- [What is required]
Skipping each picture, output the entries exactly as they stand below.

[[ Records for the task, beginning ]]

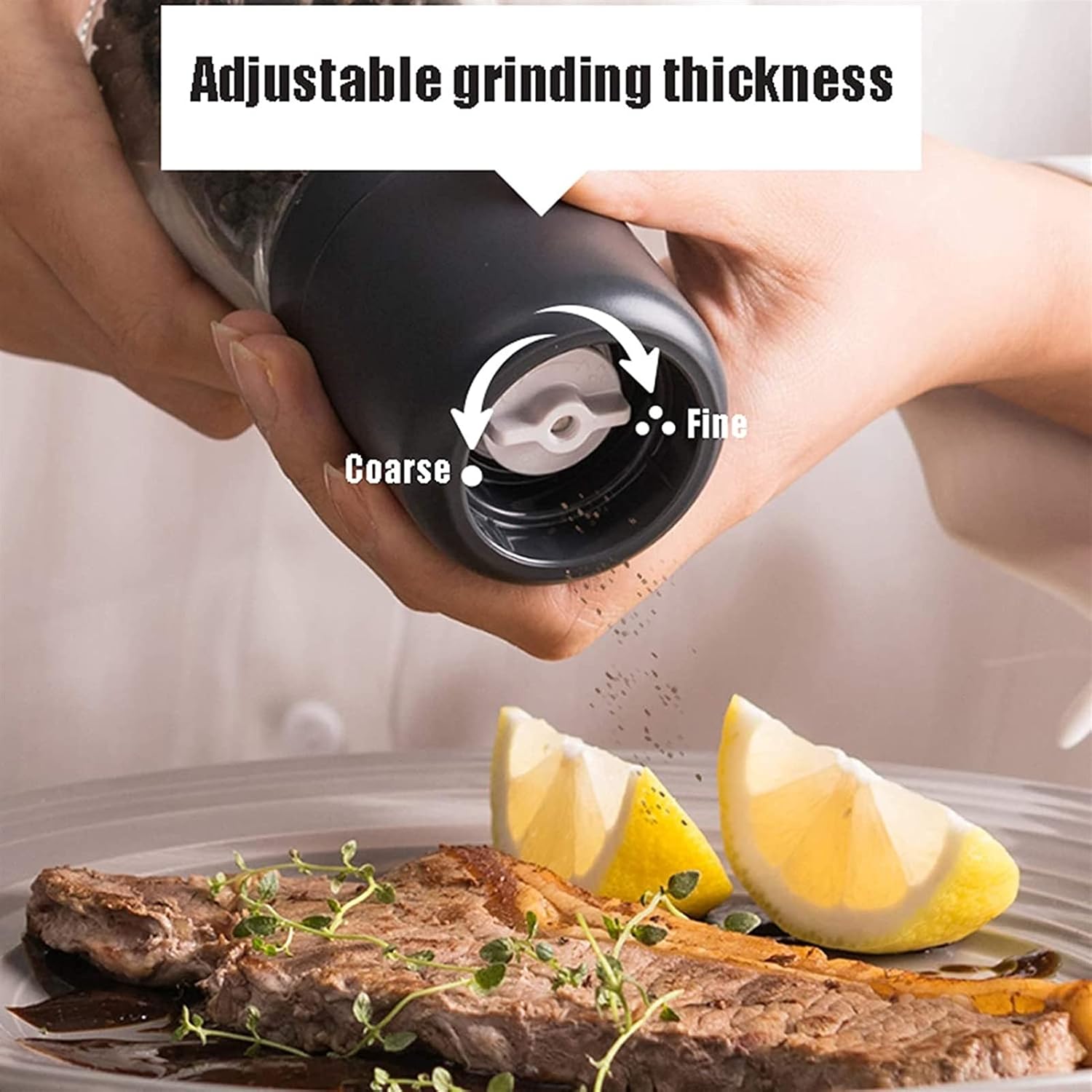 Salt and Pepper Grinder Set with Clear Glass Body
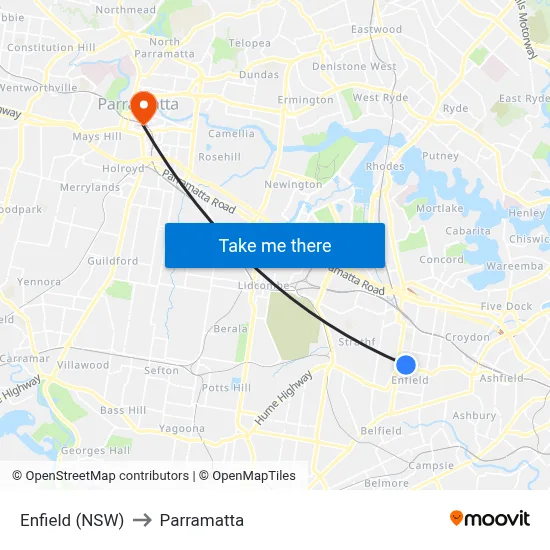 Enfield (NSW) to Parramatta map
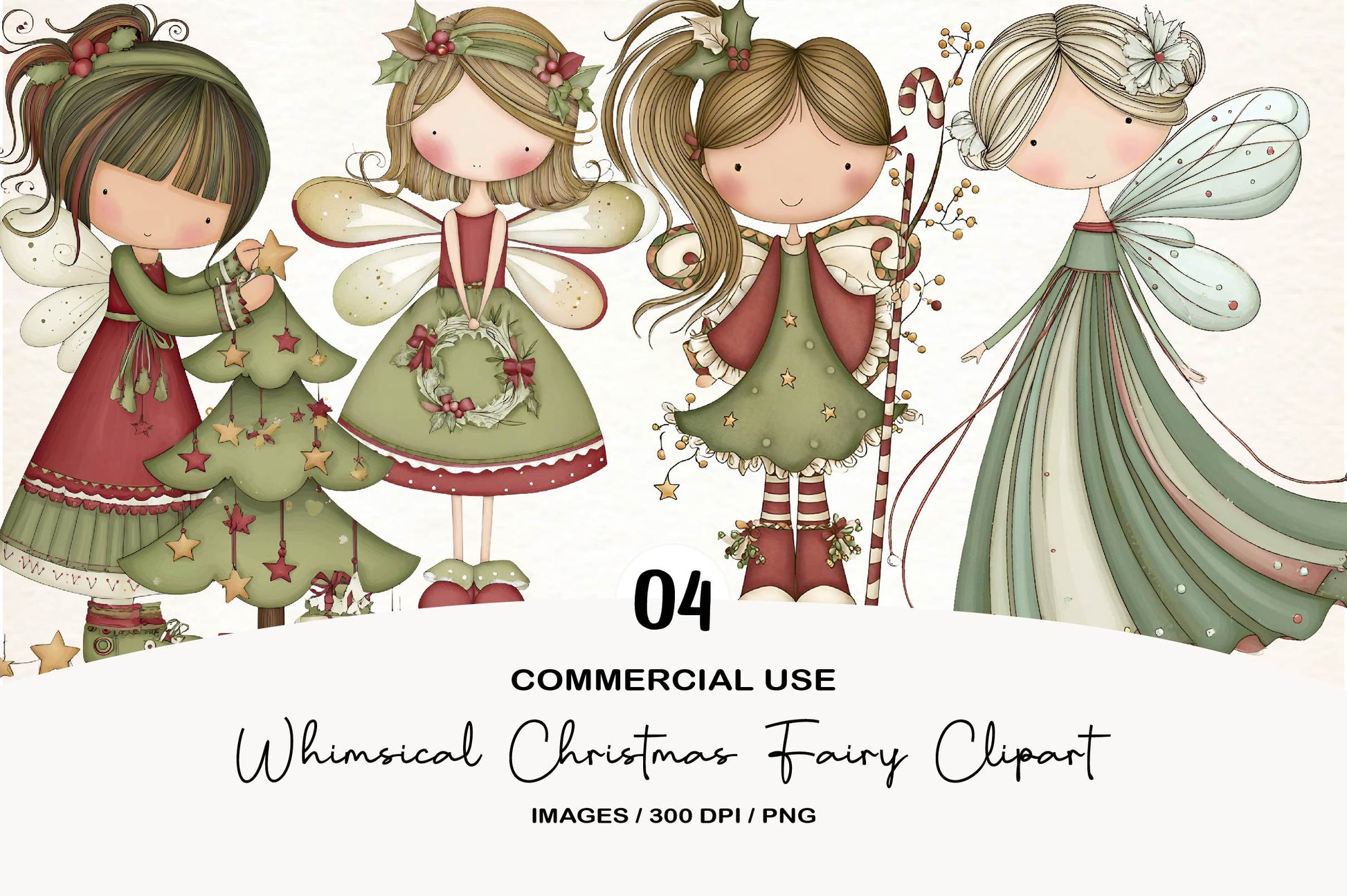Whimsical Christmas Fairy Clipart PNG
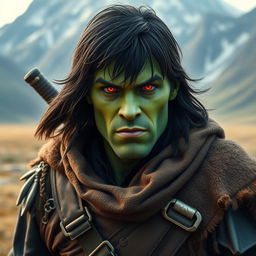 A scene featuring a 30-year-old green-skinned half-orc with medium-length black hair and vibrant orange eyes, captured with a wide field of view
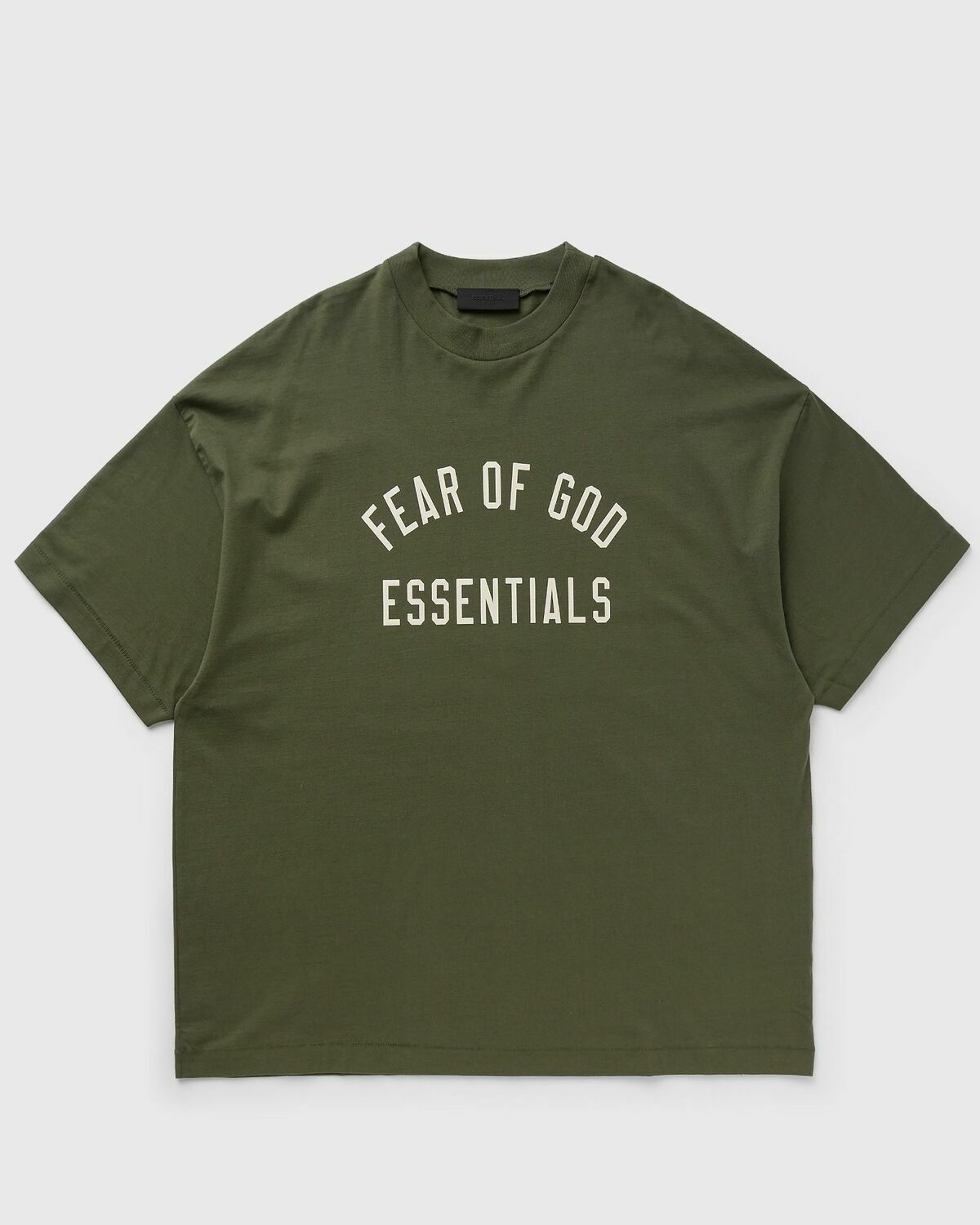 Fear Of God Essentials Jersey Crewneck Tee Green Shortsleeves Fear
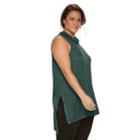Plus Size Rock & Republic&reg; Embellished Drapeneck Tunic, Women's, Size: 3xl, Dark Green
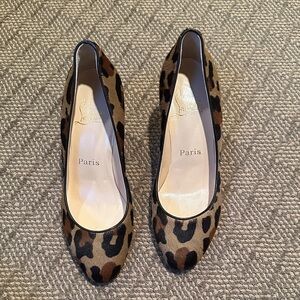 Christian Louboutin Tan and Black Leopard Heels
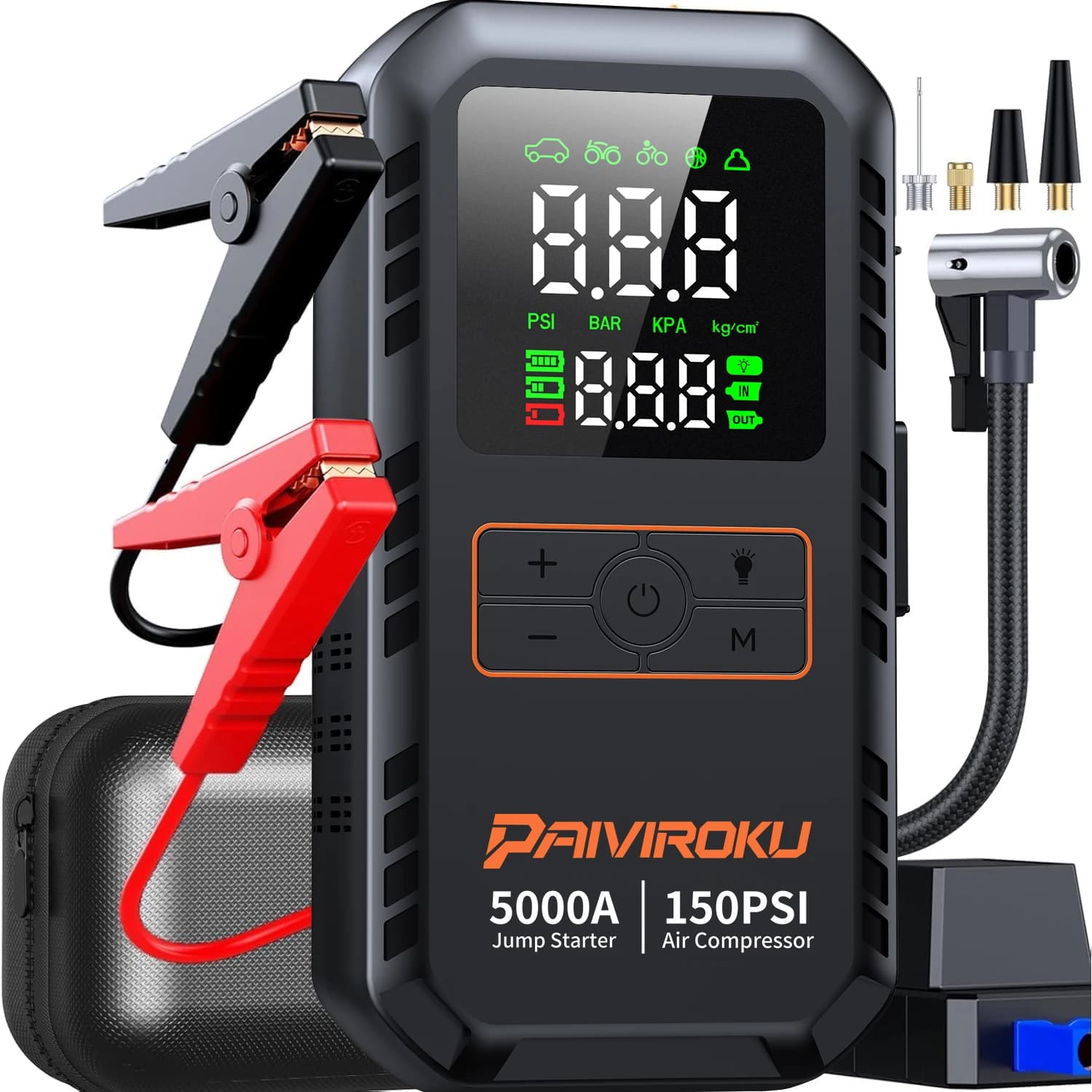 Avviatore d'Emergenza 4-IN-1 per Auto con Compressore d'Aria, Potenza di Picco 5000A, Booster per Batteria Auto, Pompa d'Aria 150PSI, Power Bank Portatile, Gonfiatore Pneumatici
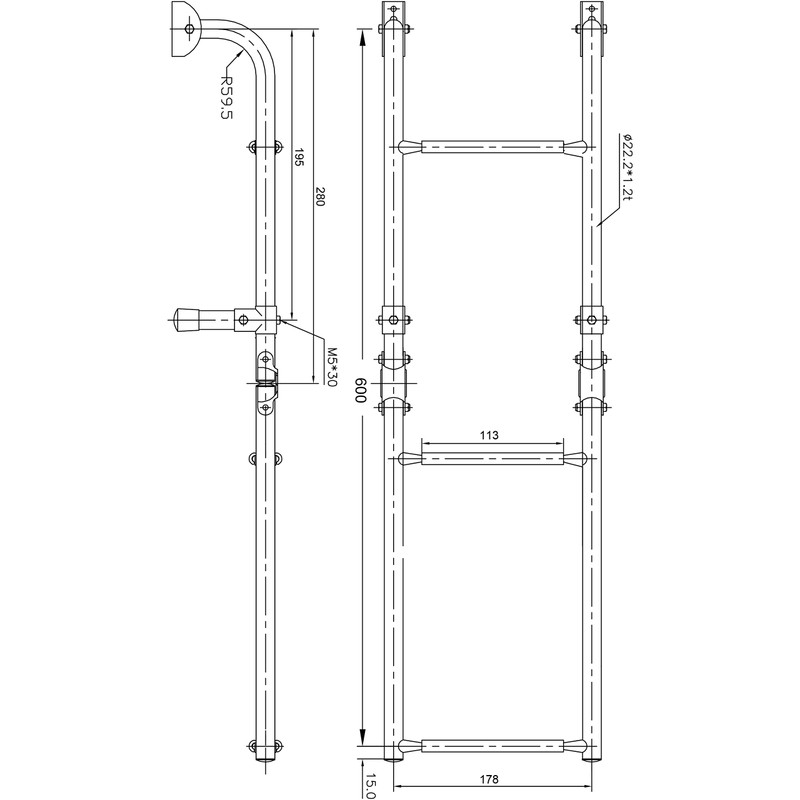 316 Stainless Steel Marine Boat Folding Pontoon Transom Boarding Ladder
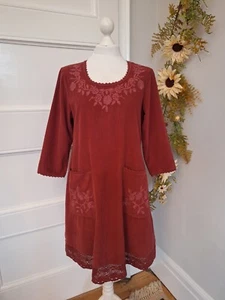 APRIL CORNELL Rust Coloured Needlecord Floral Embroidered Tunic Dress Size S - Picture 1 of 5
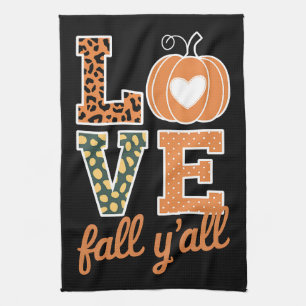 Liebe fällt euch allen Leopardenprint Herbst Thank Geschirrtuch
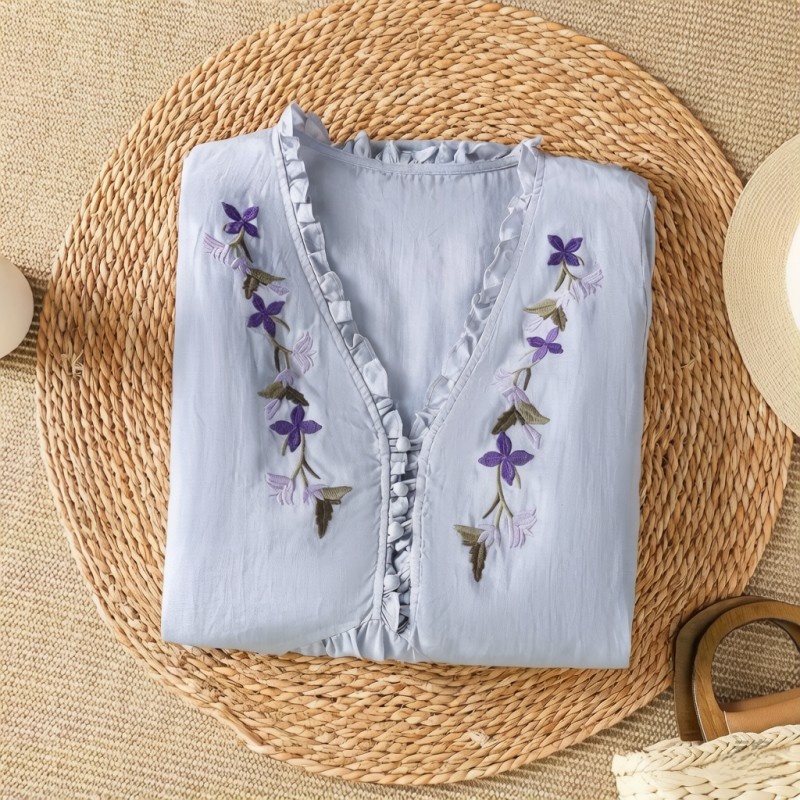 Elegant Purple Floral Embroide - Embroidery Cotton Shirt ulasan dan harga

[[ Records for the task, end ]]

- [Expected answer]
 Salt and Pepper Grinder Set with Clear Glass Body
 Enfield (NSW) to Parramatta map
Whimsical Christmas Fairy Clipart PNG
 A scene featuring a 30-year-old green-skinned half-orc with medium-length black hair and vibrant orange eyes, captured with a wide field of view
 Fear Of God Essentials Jersey Crewneck Tee Green Shortsleeves Fear
Plus Size Rock & Republic&reg; Embellished Drapeneck Tunic, Women's, Size: 3xl, Dark Green
 Christian Louboutin Tan and Black Leopard Heels
 Avviatore d'Emergenza 4-IN-1 per Auto con Compressore d'Aria, Potenza di Picco 5000A, Booster per Batteria Auto, Pompa d'Aria 150PSI, Power Bank Portatile, Gonfiatore Pneumatici
 316 Stainless Steel Marine Boat Folding Pontoon Transom Boarding Ladder
 APRIL CORNELL Rust Coloured Needlecord Floral Embroidered Tunic Dress Size S - Picture 1 of 5
 Liebe fällt euch allen Leopardenprint Herbst Thank Geschirrtuch
 Elegant Purple Floral Embroide - Embroidery Cotton Shirt ulasan dan harga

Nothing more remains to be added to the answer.